NullPointerException when using UDF in Spark

I have a DataFrame in Spark such as this one:
var df = List(
(1,"{NUM.0002}*{NUM.0003}"),
(2,"{NUM.0004}+{NUM.0003}"),
(3,"END(6)"),
(4,"END(4)")
).toDF("CODE", "VALUE")
+----+---------------------+
|CODE| VALUE|
+----+---------------------+
| 1|{NUM.0002}*{NUM.0003}|
| 2|{NUM.0004}+{NUM.0003}|
| 3| END(6)|
| 4| END(4)|
+----+---------------------+
My task is to iterate through the VALUE column and do the following: check if there is a substring such as {NUM.XXXX}, get the XXXX number, get the row where $"CODE" === XXXX, and replace the {NUM.XXX} substring with the VALUE string in that row.
I would like the dataframe to look like this in the end:
+----+--------------------+
|CODE| VALUE|
+----+--------------------+
| 1|END(4)+END(6)*END(6)|
| 2| END(4)+END(6)|
| 3| END(6)|
| 4| END(4)|
+----+--------------------+
This is the best I've come up with:
val process = udf((ln: String) => {
var newln = ln
while(newln contains "{NUM."){
var num = newln.slice(newln.indexOf("{")+5, newln.indexOf("}")).toInt
var new_value = df.where($"CODE" === num).head.getAs[String](1)
newln = newln.replace(newln.slice(newln.indexOf("{"),newln.indexOf("}")+1), new_value)
}
newln
})
var df2 = df.withColumn("VALUE", when('VALUE contains "{NUM.",process('VALUE)).otherwise('VALUE))
Unfortunately, I get a NullPointerException when I try to filter/select/save df2, and no error when I just show df2. I believe the error appears when I access the DataFrame df within the UDF, but I need to access it every iteration, so I can't pass it as an input.

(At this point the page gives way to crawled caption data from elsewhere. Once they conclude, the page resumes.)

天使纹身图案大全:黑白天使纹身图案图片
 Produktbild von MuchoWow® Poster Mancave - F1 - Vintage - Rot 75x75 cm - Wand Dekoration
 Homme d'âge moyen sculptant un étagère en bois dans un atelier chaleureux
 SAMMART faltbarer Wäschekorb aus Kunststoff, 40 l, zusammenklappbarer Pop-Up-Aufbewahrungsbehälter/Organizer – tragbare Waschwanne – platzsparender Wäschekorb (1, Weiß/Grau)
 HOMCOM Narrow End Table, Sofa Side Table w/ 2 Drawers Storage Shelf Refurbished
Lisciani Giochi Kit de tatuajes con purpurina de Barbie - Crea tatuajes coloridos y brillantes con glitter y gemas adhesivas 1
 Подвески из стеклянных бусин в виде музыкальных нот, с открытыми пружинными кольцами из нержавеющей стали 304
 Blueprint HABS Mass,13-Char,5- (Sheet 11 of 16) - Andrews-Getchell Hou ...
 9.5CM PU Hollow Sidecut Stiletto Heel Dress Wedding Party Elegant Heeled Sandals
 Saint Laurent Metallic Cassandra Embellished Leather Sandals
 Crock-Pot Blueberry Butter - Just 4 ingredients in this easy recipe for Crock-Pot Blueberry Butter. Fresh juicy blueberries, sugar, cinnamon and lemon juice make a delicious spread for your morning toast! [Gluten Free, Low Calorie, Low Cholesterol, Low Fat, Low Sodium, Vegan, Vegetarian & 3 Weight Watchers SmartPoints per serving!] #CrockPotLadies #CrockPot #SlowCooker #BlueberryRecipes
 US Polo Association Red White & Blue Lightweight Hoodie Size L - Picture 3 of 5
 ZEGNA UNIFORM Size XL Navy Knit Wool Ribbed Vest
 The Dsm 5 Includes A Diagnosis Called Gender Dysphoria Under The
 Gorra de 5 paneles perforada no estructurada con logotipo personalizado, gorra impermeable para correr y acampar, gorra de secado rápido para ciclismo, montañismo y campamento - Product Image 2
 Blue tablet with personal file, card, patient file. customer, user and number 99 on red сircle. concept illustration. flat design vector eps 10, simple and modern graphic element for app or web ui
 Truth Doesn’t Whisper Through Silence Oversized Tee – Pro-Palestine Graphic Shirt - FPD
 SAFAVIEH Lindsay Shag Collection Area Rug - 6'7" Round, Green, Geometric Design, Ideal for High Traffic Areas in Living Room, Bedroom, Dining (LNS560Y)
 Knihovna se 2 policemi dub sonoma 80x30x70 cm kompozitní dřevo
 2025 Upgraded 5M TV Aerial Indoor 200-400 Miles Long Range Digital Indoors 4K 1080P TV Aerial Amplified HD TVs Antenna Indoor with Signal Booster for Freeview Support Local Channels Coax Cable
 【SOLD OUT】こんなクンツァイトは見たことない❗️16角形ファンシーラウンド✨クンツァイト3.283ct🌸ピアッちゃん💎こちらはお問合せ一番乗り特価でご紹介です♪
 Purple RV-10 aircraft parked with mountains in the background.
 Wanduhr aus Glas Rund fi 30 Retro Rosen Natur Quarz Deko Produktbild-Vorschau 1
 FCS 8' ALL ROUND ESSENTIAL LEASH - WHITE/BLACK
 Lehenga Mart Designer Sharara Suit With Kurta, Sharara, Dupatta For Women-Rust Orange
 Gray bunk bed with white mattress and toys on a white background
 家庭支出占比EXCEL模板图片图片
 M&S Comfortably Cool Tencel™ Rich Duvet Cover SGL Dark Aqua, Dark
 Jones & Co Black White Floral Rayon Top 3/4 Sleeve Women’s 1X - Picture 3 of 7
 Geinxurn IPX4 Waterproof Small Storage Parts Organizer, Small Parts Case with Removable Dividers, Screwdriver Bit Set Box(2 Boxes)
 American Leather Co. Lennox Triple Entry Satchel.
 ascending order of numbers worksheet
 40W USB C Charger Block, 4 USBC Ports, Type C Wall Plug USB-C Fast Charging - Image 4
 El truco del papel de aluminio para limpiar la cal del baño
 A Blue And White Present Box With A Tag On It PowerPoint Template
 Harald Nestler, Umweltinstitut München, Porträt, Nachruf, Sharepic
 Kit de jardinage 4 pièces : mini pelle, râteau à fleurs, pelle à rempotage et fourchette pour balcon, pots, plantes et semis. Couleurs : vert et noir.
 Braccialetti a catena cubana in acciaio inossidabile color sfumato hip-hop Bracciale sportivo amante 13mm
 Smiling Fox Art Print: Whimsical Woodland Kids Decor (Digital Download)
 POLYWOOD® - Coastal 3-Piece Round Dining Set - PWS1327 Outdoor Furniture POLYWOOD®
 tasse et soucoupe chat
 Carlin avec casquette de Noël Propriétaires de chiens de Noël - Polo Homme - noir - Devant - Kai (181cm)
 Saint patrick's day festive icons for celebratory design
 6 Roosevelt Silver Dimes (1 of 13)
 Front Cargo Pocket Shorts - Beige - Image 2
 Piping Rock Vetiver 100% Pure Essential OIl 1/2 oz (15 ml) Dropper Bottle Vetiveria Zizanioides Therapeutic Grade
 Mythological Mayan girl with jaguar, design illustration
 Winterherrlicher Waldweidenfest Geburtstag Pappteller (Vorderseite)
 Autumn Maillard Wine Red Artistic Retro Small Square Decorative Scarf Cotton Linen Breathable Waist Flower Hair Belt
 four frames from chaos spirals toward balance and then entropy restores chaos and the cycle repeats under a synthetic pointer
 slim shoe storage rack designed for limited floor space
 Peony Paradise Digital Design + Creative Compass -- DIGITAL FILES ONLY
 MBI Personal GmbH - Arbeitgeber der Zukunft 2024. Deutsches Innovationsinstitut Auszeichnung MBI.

Also, I've tried saving a copy of df inside the UDF but I don't know how to do that. What can I do here?
Any suggestions to improve the algorithm are very welcome! Thanks!
I wrote something which works but not very optimized I think. I actually do recursive joins on the initial DataFrame to replace the NUMs by END. Here is the code :
case class Data(code: Long, value: String)
def main(args: Array[String]): Unit = {
val sparkSession: SparkSession = SparkSession.builder().master("local").getOrCreate()
val data = Seq(
Data(1,"{NUM.0002}*{NUM.0003}"),
Data(2,"{NUM.0004}+{NUM.0003}"),
Data(3,"END(6)"),
Data(4,"END(4)"),
Data(5,"{NUM.0002}")
)
val initialDF = sparkSession.createDataFrame(data)
val endDF = initialDF.filter(!(col("value") contains "{NUM"))
val numDF = initialDF.filter(col("value") contains "{NUM")
val resultDF = endDF.union(replaceNumByEnd(initialDF, numDF))
resultDF.show(false)
}
val parseNumUdf = udf((value: String) => {
if (value.contains("{NUM")) {
val regex = """.*?\{NUM\.(\d+)\}.*""".r
value match {
case regex(code) => code.toLong
}
} else {
-1L
}
})
val replaceUdf = udf((value: String, replacement: String) => {
val regex = """\{NUM\.(\d+)\}""".r
regex.replaceFirstIn(value, replacement)
})
def replaceNumByEnd(initialDF: DataFrame, currentDF: DataFrame): DataFrame = {
if (currentDF.count() == 0) {
currentDF
} else {
val numDFWithCode = currentDF
.withColumn("num_code", parseNumUdf(col("value")))
.withColumnRenamed("code", "code_original")
.withColumnRenamed("value", "value_original")
val joinedDF = numDFWithCode.join(initialDF, numDFWithCode("num_code") === initialDF("code"))
val replacedDF = joinedDF.withColumn("value_replaced", replaceUdf(col("value_original"), col("value")))
val nextDF = replacedDF.select(col("code_original").as("code"), col("value_replaced").as("value"))
val endDF = nextDF.filter(!(col("value") contains "{NUM"))
val numDF = nextDF.filter(col("value") contains "{NUM")
endDF.union(replaceNumByEnd(initialDF, numDF))
}
}
If you need more explanation, don't hesitate.